Pekerja mengerjakan reproduksi tabung elpiji 3 kilogram (kg) di Depot (Liquefied Petroleum Gas/LPG) Tanjung Priok, Jakarta Utara, Selasa (29/1/2019). Kementerian Energi dan Sumber Daya Mineral (ESDM) akan mengubah formula harga elpiji. Perhitungan anggaran subsidi LPG tabung 3 kg tahun 2019 tersebut menggunakan beberapa asumsi dan parameter. Pertama, nilai tukar rupiah terhadap dolar Amerika Serikat Rp 14.400 per US$. Kedua, asumsi harga minyak Indonesia (ICP) US$70 per barel. Ketiga, volume LPG tabung 3 kg sebesar 6.978 juta kg. AKTUAL/Tino Oktaviano

Jakarta, Aktual.com – Harga gas Industri tak boleh naik! Itu terdengar agak aneh bagi para ekonom maupun analis. Mengapa ? Harga gas industri itu tidak disubsidi. Harga gas industri diatur dengan mekanisme pasar.

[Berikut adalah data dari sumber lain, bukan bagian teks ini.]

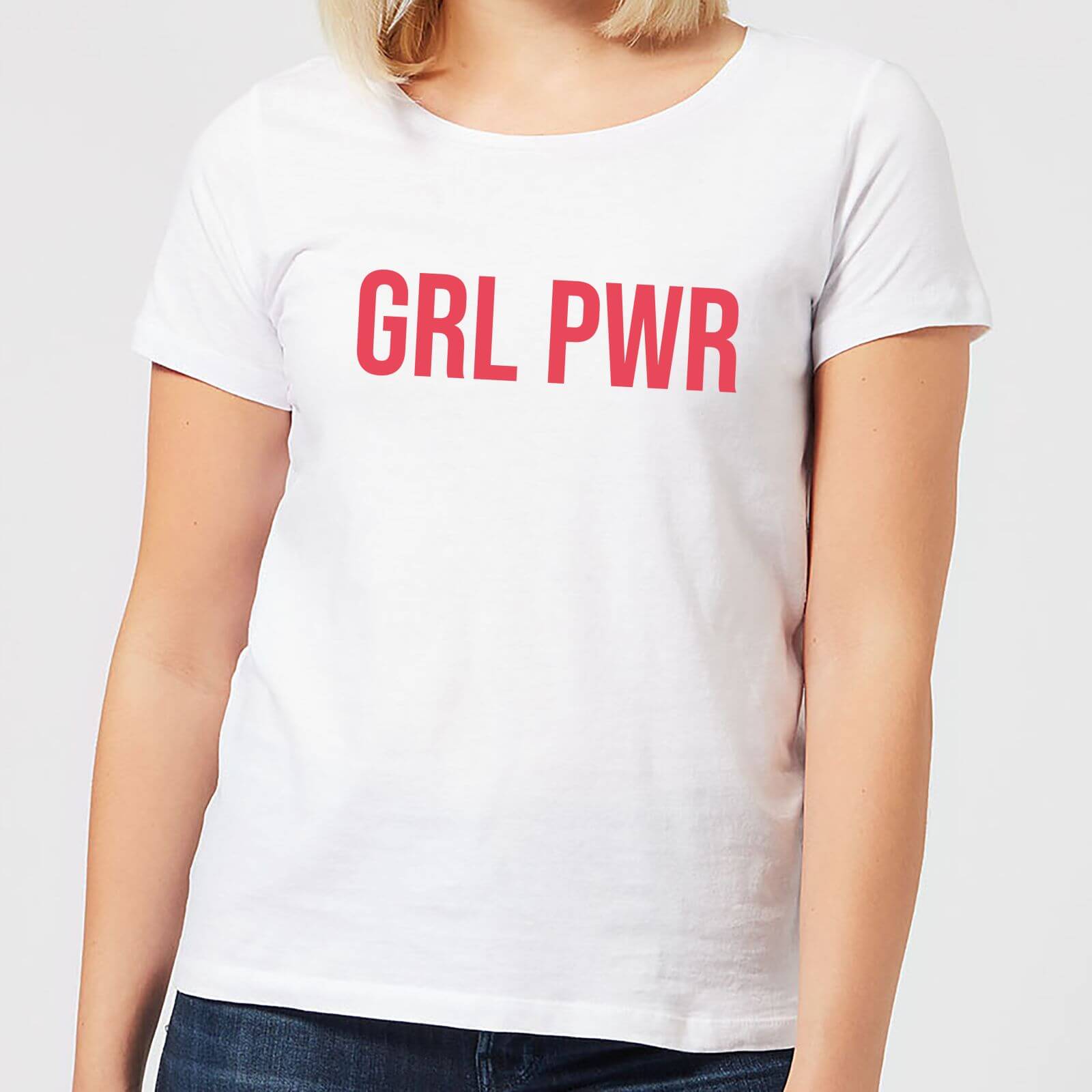 GRL PWR Women's T-Shirt - White - S - White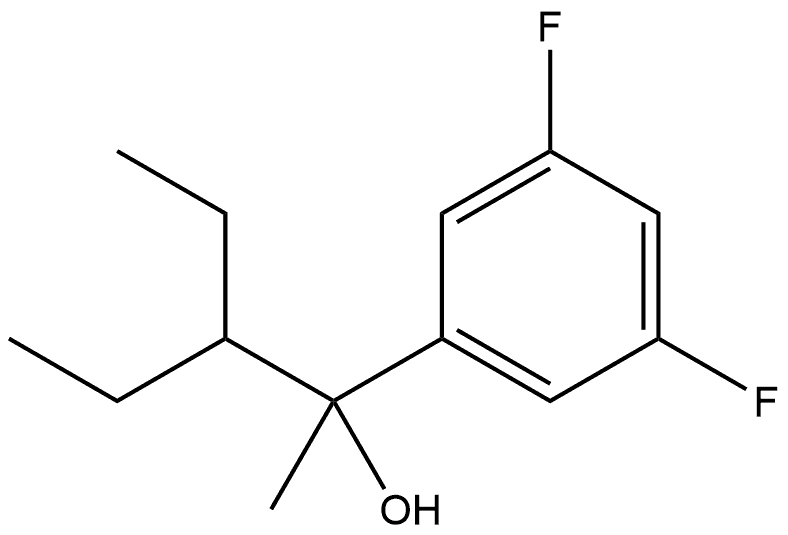 α-(1-Ethylpropyl)-3,5-difluoro-α-methylbenzenemethanol Structure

Mekanisme pasar berarti harga gas ditentukan oleh mekanisme permintaan dan penawaran semata. Harga ditentukan oleh kesepakatan antara pembeli dan penjual yang berlaku di pasar. Penentu harga adalah invisible hand atau tangan tersembunyi yakni hukum pasar. Teorinya demikian.

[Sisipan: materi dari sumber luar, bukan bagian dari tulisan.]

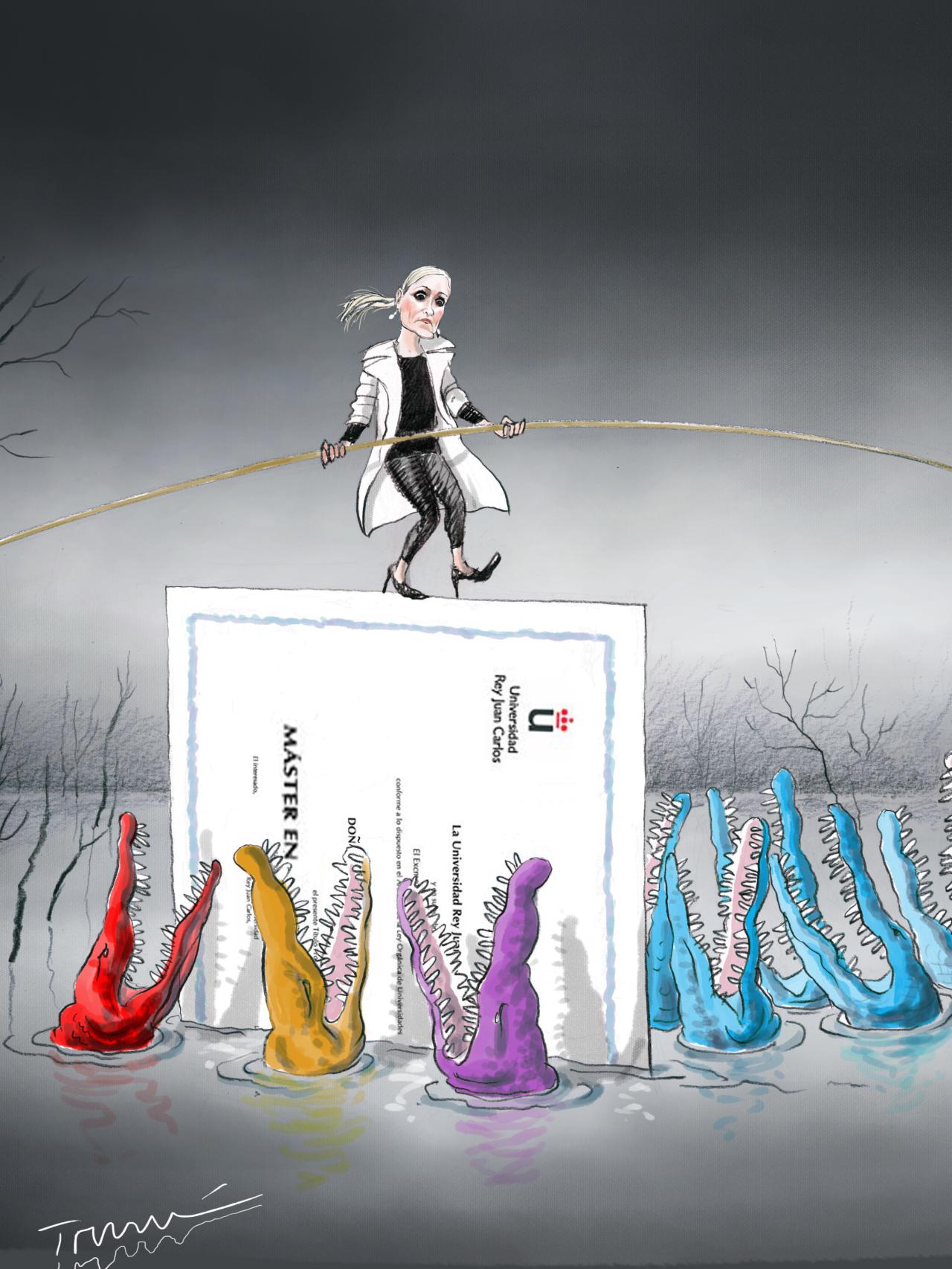 Cifuentes en el máster flojo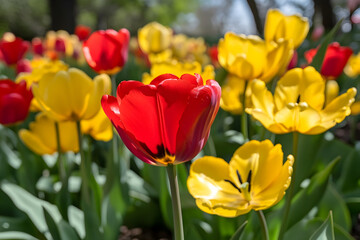 Fototapeta premium field of tulips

Apakah hukum ini tidak bekerja di Indonesia? Ini menjadi pertanyaan. Di Indonesia pembeli gas boleh menolak kenaikan harga.

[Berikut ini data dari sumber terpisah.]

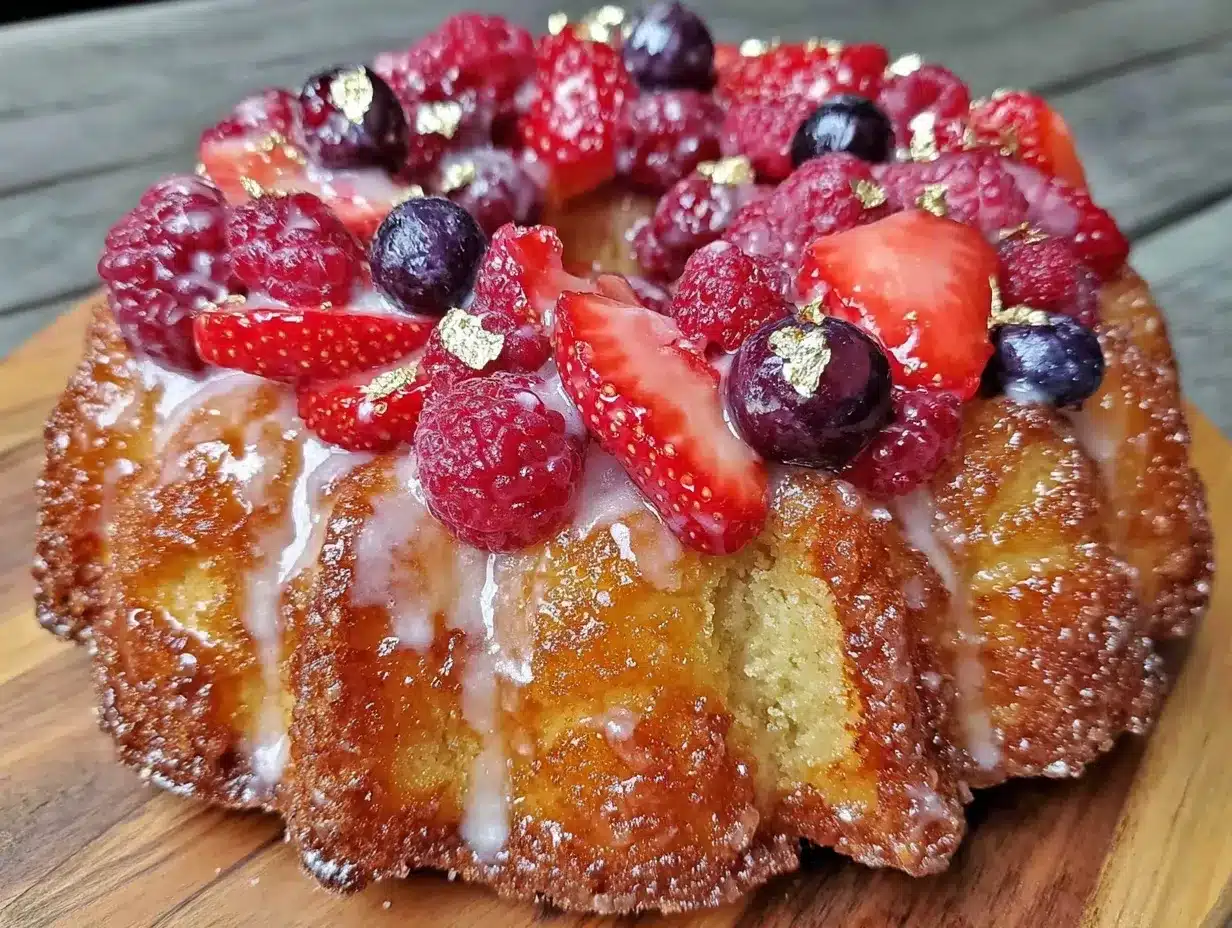 light champagne brunch cake preparation steps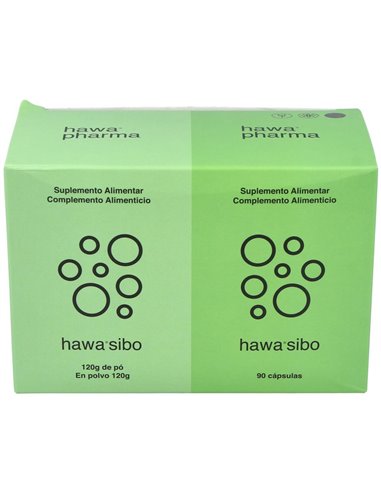 Hawa Sibo Kit 90Cap+120Gr. de Hawa Pharma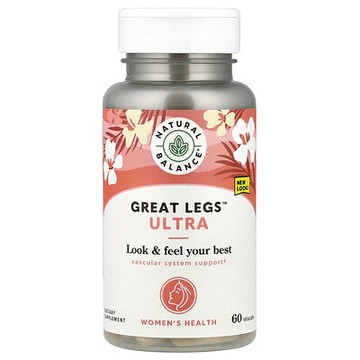 Natural Balance, 女性健康，Great Legs™ Ultra，60 粒素食膠囊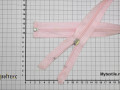 Потайная разъемная молния розовая 53 см спираль М3Р17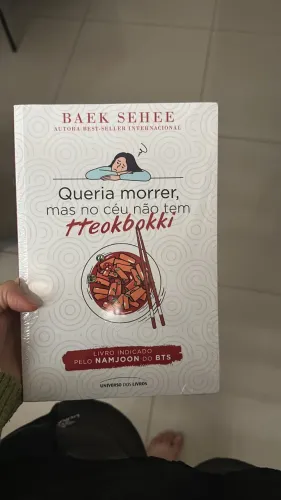 Livro queria morrer, mas no céu não tem tteokbokki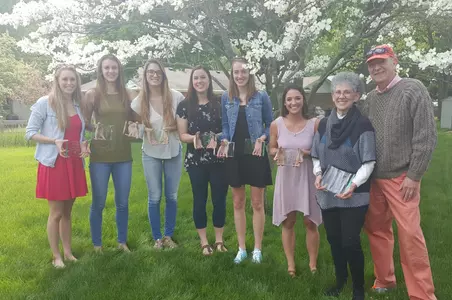 2015 volleyball team award winners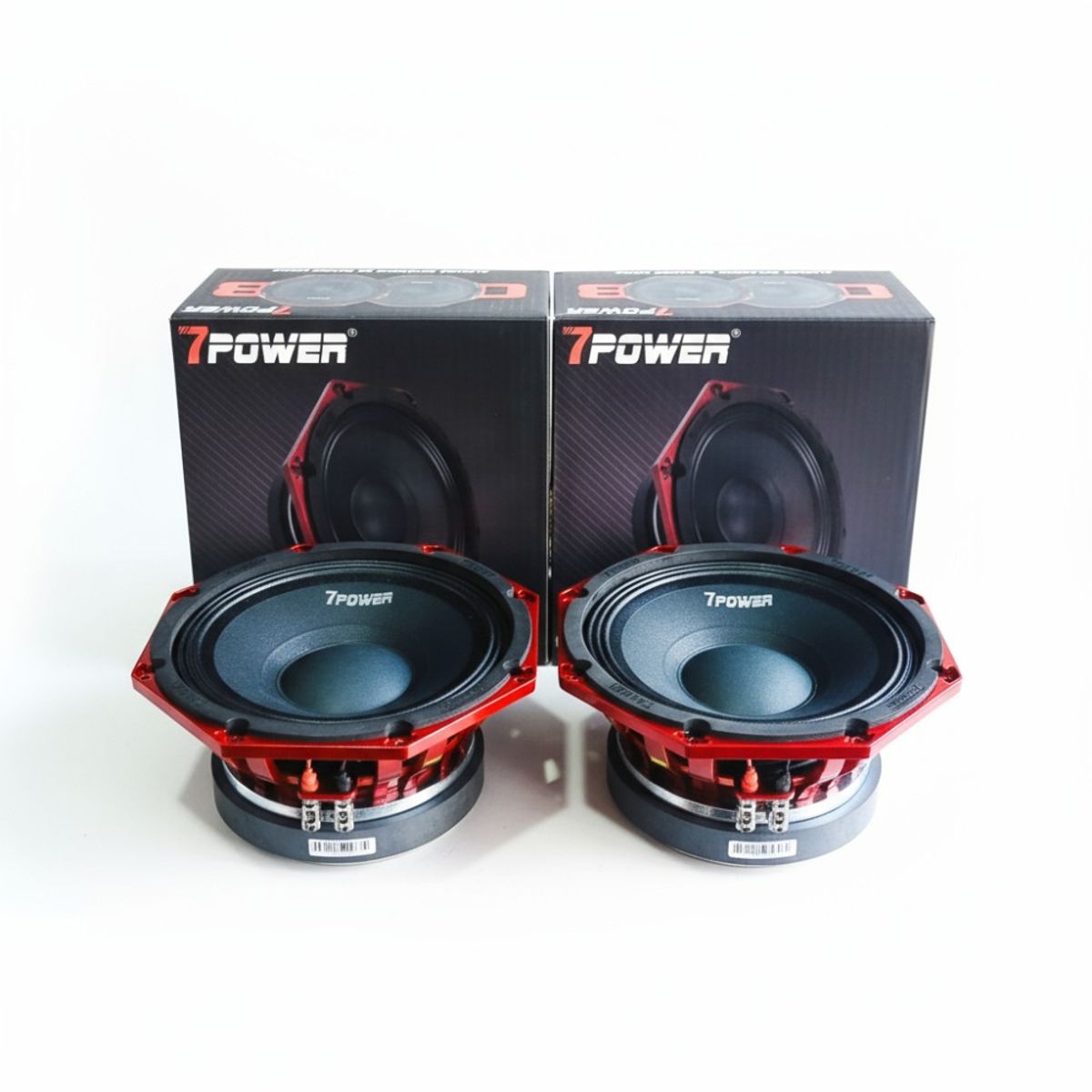GENERICO - Medio Mid Bass de Competencia Octagonal 8" 1000W 500 RMS 7 Power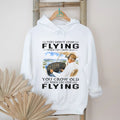 Airplane Pilot Cockpit Aviation Travel Retro Style Eldery Men Aviation Shirt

Penjual gas tidak boleh menaikkan harga. Pembeli gas dapat mengancam penjual gas tidak akan mau membayar jika harga gas naik. Ini pasti hukum ekonomi aneh !

Sebagaimana baru baru ini dikemukakan Pelaku industri melalui Kamar Dagang dan Industri (Kadin) Indonesia menolak kenaikan harga gas oleh PT Perusahaan Gas Negara Tbk (PGN) mulai 1 Oktober 2019. Bahkan, pelaku industri sepakat untuk menggunakan harga lama jika PGN tetap ngotot menaikkan harga gas.

“Kita minta kalau nanti terjadi kenaikan harga, kita tidak akan bayar kenaikannya. Harga lama tetap kita pegang,” kata Wakil Ketua Komite Industri Hulu dan Petrokimia Kadin Achmad Widjaja selepas Focus Group Discussion (FGD) terkait penerapan harga gas bumi untuk industri yang digelar di Kantor Kadin, Rabu (25/9).